- _Recorded data_:
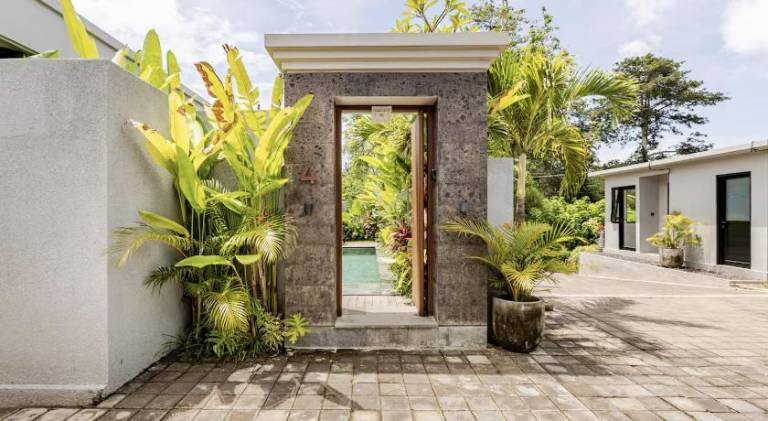Wonderful villa with patio, yard & private pool | Pets allowed — photo 3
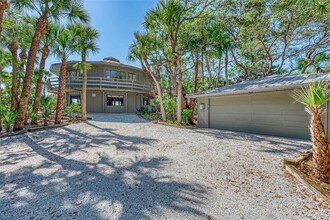 6590 Manasota Key Rd in Englewood, FL - Foto de edificio - Building Photo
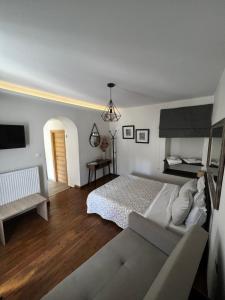 Cama ou camas em um quarto em Alkistis House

- _What you should do_: Print the material again word for word. Please drop every picture.

- _Solution for this exercise_:
Wonderful villa with patio, yard & private pool | Pets allowed — photo 3
 6590 Manasota Key Rd in Englewood, FL - Foto de edificio - Building Photo
 Cama ou camas em um quarto em Alkistis House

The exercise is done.